Thing is, more women are single now -- getting married later, if at all, or becoming single again later in life. Ashley Milne-Tyte would sure like to know why more marketers haven't caught on to that.
ASHLEY MILNE-TYTE: I was watching TV the other night when this Lowe's commercial came on. It shows a bubbly, 30-something woman in her gleaming new home... alone. No handsome husband or adorable kids in sight. She's discussing her to-do list.
LOWE'S AD: Somehow, updating the bathroom, it just hasn't gotten crossed off. I'm a grown woman, and I was scared of my own bathroom. Until I went...

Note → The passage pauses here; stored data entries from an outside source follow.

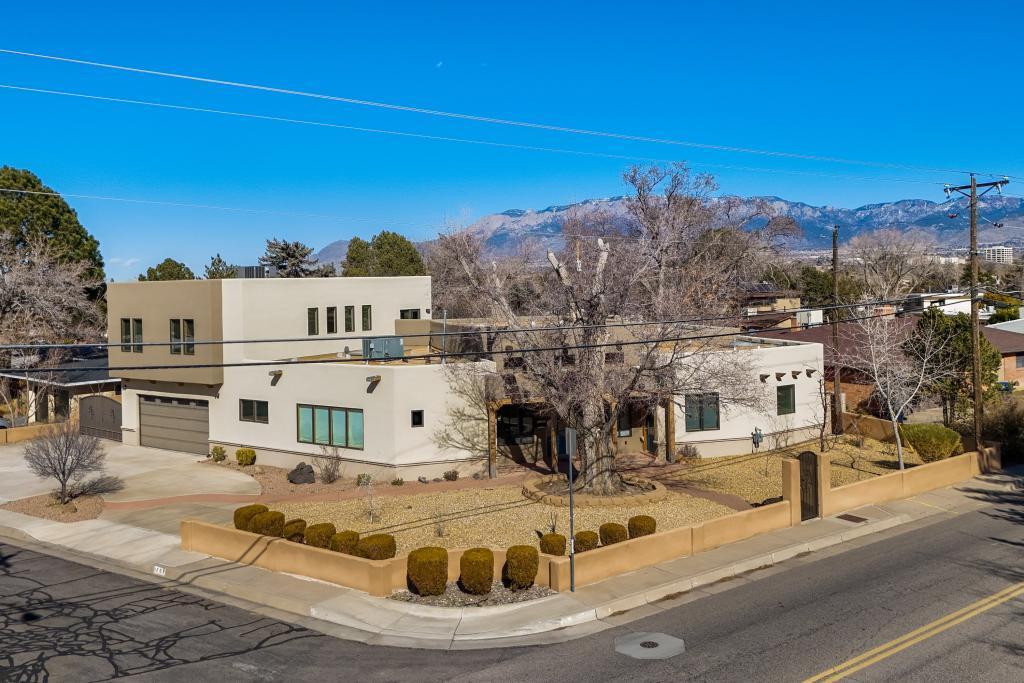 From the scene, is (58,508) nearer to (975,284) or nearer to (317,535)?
(317,535)

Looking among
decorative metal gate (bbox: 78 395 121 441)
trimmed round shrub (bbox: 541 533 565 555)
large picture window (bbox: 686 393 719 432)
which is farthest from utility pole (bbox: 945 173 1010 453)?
decorative metal gate (bbox: 78 395 121 441)

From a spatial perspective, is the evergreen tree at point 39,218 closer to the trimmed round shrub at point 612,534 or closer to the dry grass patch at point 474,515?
the dry grass patch at point 474,515

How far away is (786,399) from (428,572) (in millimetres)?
20273

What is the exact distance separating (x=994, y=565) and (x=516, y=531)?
1063 centimetres

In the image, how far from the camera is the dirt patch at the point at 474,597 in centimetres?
1609

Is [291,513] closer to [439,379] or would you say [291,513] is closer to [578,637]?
[439,379]

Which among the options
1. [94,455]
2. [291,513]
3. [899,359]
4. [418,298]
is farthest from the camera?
[418,298]

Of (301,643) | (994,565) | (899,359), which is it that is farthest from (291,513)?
(899,359)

OK, I won't admit to being scared of my bathroom. But I will admit to enjoying the ad. I felt a little glow of pleasure at the thought of that woman happily laying tiles and spreading grout. So how did a cynic like me get gooey over a home improvement commercial?
Melanie Notkin says I finally felt included. She's CEO of SavvyAuntie.com, a Web site for women who don't have children.
MELANIE NOTKIN: America seems to talk to all grown-ups as we're part of an intimate family of a mom, a dad and kids. Single people tend not to be spoken to or tend not to be part of the conversation.
Notkin says most advertisers actually have no idea how to talk to single women.
NOTKIN: When they want the visceral feeling to be happiness, they're going to show what we qualify as a happy lifestyle, which is family. And people often assume that women who are not married are terribly unhappy.
That's what was nice about the Lowe's commercial. The woman was excited about her home, happy and independent. Given how many single women there are, I wondered why so few ads are aimed at us -- 44 percent of women over 18 are single, 2 percent more than 10 years ago.
Tracy Chapman directs strategic planning at consultancy firm Just Ask A Woman. She says advertisers want to pitch their products to a broad audience without offending anyone.
TRACY CHAPMAN: They need to justify why they would go after this specific target. I think they want to reach as many women as possible with the amount of money that they have.
But ad industry veteran Stephanie Holland says that's misguided. She's executive creative director at Holland and Holland Advertising. She says instead of going for one-size-fits-all, advertisers need to target different types of women or they're wasting their money. So why don't they? Because, Holland says, so many decision makers at brands and ad agencies are men.
STEPHANIE HOLLAND: Men have a difficult time distinguishing even among moms, much less coming in and understanding the single female.
She says marketers are missing a big opportunity to target people like me. She says they just need to work on making that connection.
HOLLAND: An understanding of where you are in life as well as tons of other people as single women, and making you feel good about it. And that's what's gonna make you feel good about the product.
Take this upbeat approach from Chevrolet. A young woman, fresh from a first date, is picked up by a friend who whisks her away in a bright red Chevy Malibu. They hit the open road.
CHEVROLET AD: He said he was a professional student. No! Of life. Oh, I'm so sorry. Single lane ahead. I'll be in that lane.
In other words, girlfriends rule. At least for now.
I'm Ashley Milne-Tyte for Marketplace.